Después, cuando todo quedó en silencio, apartó el pelo de la cara de Sara Jane y advirtió que la sangre color alboroto se había tornado ébano, su pelo amarillo ceniza, las paredes, todo era gris, y él apenas recordaba que hacía unos minutos, cuando los había matado, la habitación era deslumbrante.

La radio sonaba de fondo («les habla Casey Kasem») mientras ponía a Sara Jane en el suelo y arrastraba el cadáver del hombre junto a ella y le ponía en la mano la navaja, y se imaginó lo que diría la Jessica de Se ha escrito un crimen: «Una pelea entre una prostituta y su cliente; han debido de matarse el uno al otro, ¿no es así, sheriff?» Cuando registraba la ropa del hombre buscando dinero, encontró la pistola. No sabía muy bien qué haría con ella, pero pensó que algún día le vendría bien y decidió quedársela.

Luego se lavó y se cambió de ropa para que la gente no se lo quedara mirando por la calle, reunió su dinero y se dirigió a Port Authority, donde metió el dinero y la pistola en una taquilla, siempre estupefacto ante un mundo que se había vuelto gris, el dolor de cabeza cada vez peor, las piernas débiles. Cuando despertó en aquella sala blanca pensó que estaba muerto y se alegró.

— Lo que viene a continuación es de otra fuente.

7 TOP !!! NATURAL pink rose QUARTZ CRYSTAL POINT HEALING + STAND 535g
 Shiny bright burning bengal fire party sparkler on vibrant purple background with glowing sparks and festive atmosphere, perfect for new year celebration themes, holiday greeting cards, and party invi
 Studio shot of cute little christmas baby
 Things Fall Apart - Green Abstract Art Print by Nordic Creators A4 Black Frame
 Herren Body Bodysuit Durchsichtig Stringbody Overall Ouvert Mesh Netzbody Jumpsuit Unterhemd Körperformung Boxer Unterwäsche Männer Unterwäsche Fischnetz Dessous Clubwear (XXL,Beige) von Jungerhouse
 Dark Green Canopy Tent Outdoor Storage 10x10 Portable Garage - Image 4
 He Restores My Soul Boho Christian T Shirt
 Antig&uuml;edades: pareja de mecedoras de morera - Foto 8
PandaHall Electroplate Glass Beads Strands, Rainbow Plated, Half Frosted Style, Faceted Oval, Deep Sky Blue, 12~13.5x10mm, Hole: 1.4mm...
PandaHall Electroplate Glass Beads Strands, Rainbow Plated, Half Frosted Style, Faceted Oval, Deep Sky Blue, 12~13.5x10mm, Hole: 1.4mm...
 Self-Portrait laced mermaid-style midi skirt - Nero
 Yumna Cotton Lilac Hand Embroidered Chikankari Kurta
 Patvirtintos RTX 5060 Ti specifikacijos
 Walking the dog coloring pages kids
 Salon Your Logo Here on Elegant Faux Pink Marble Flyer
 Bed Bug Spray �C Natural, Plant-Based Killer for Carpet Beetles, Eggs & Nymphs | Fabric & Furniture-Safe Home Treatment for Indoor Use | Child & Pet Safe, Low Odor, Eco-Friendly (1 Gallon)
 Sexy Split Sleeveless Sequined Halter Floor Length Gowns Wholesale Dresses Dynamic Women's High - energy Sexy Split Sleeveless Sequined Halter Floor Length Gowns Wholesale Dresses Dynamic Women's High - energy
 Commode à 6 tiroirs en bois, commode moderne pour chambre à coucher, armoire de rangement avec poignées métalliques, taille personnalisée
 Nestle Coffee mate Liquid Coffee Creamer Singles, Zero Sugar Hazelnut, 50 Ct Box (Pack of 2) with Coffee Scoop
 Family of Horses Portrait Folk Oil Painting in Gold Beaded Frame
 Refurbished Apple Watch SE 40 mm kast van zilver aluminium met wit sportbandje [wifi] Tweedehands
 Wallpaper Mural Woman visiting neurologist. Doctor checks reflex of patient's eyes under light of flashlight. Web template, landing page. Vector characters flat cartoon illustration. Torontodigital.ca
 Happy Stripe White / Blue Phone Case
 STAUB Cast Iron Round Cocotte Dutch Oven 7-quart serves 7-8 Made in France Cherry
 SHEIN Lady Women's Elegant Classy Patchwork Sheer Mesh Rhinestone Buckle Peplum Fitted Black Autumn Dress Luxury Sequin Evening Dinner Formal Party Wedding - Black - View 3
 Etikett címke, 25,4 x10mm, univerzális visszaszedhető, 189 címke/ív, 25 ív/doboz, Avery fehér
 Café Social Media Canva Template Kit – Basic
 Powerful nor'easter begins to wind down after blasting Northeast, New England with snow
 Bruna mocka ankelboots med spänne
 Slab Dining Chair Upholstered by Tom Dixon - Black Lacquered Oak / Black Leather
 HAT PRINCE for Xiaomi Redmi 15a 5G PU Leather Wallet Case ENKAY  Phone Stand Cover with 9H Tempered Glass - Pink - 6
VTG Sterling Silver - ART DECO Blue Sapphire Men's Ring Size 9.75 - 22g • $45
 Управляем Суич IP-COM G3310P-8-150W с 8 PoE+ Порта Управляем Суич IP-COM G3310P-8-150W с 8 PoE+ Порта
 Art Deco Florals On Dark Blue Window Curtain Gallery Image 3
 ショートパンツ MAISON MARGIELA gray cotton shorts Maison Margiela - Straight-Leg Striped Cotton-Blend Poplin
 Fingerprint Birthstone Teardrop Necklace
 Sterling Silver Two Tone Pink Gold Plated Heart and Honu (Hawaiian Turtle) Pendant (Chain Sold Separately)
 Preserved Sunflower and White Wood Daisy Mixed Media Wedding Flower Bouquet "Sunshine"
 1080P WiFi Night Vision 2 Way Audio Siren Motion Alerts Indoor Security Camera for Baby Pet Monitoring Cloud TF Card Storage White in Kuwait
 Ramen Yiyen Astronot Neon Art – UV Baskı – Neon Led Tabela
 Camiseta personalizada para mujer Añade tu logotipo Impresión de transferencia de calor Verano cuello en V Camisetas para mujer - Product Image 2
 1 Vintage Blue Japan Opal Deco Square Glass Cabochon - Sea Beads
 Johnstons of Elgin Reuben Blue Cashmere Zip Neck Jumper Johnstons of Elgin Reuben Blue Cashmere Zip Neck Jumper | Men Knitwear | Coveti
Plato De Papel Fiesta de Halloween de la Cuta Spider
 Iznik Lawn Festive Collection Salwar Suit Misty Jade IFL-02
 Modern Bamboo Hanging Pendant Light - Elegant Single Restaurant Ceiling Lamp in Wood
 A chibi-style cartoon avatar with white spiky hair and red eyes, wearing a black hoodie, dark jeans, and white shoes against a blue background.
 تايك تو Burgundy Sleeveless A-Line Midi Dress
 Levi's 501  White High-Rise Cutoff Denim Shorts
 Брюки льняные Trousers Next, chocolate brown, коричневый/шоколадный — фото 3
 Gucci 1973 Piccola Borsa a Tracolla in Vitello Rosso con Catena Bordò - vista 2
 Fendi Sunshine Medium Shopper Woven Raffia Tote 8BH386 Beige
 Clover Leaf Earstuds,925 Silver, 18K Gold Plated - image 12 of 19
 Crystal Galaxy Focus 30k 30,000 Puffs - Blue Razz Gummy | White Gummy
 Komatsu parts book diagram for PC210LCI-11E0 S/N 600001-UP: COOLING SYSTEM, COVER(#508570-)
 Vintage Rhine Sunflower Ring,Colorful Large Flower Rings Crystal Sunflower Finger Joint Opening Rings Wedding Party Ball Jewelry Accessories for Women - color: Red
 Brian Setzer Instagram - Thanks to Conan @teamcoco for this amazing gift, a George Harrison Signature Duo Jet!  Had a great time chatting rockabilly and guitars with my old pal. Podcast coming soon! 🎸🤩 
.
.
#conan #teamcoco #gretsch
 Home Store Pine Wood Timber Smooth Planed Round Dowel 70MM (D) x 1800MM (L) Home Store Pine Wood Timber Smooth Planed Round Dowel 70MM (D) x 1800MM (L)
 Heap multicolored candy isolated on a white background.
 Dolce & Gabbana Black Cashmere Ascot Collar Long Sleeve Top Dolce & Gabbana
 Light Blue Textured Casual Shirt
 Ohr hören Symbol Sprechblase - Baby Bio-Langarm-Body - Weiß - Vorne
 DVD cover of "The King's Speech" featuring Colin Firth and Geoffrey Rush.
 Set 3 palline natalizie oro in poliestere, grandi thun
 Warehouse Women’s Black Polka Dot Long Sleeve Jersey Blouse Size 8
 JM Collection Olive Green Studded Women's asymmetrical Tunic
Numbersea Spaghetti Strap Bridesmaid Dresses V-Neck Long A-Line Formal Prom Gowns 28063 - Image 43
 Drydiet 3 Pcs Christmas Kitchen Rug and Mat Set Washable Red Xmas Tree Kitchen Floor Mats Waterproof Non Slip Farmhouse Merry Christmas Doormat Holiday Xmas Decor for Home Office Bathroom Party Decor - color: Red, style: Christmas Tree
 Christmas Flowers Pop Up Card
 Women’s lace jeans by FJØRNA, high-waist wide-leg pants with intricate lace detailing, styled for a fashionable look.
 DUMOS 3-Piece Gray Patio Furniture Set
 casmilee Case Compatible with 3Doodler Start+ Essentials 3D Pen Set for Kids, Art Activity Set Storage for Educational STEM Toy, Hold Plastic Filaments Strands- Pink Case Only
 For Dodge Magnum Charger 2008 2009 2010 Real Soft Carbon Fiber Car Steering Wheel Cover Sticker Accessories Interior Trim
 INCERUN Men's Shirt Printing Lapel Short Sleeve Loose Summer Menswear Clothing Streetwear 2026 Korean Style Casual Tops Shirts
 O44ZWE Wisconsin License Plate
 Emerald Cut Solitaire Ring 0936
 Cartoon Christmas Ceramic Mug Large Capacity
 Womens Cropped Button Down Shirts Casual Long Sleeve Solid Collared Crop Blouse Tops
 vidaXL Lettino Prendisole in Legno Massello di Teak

Pero no estaba muerto. Y el mundo seguía gris.

Los médicos le cosieron la cabeza y le vendaron las heridas y le dijeron que tal vez tenía alguna lesión cerebral. Pero él no podía contarles nada. No tocó los platos de barro gris que se suponía eran comida, se quedó mirando por la ventana el apagado cielo gris e intentó fingir que algún día volvería a ver los colores, aunque en el fondo sabía que no sería así y que su sueño de convertirse en artista se había acabado.

Vuelve al presente, mira sus cuadros de vistosos colores y sonríe. Ha demostrado que se equivocaban. Está curado.

Va de un cuadro a otro, tan cerca de ellos que casi roza con la nariz los lienzos, inhalando el dulce aroma del óleo. Pasa la lengua una o dos veces por los gruesos pegotes de pintura: un largo y húmedo beso de despedida.

Las lágrimas le surcan las mejillas, lo ve todo a rayas, como a través de un parabrisas un día de lluvia, pero las imágenes han empezado a aparecer de nuevo en su mente, aquella espantosa mujer y el hombre, y ahora en su cabeza suena la música junto con los anuncios y las voces de la radio: un batiburrillo de ruido uniforme. Se acabó. Ya basta.

Enciende una cerilla.

El ruido es como el viento atravesando un corazón hueco.

Las llamas danzan. Calor.

Mantiene la vista al frente, casi hipnotizado, mientras las llamas lamen sus cuadros y los lienzos comienzan a retorcerse y ennegrecerse. Adelanta la mano para una última caricia de despedida, se le queman los dedos. El fuego avanza en torno a sus pies, las perneras de su pantalón comienzan a humear y quemarse.

35

Las sirenas hendían la noche y los focos de la policía barrían la calle intensificando el resplandor escarlata del fuego que ya agonizaba. Kate miraba la galería Outsider Art. El agua se vertía sobre el ladrillo ennegrecido, la mitad de la fachada había desaparecido y de las ruinas brotaba bruma y un humo gris.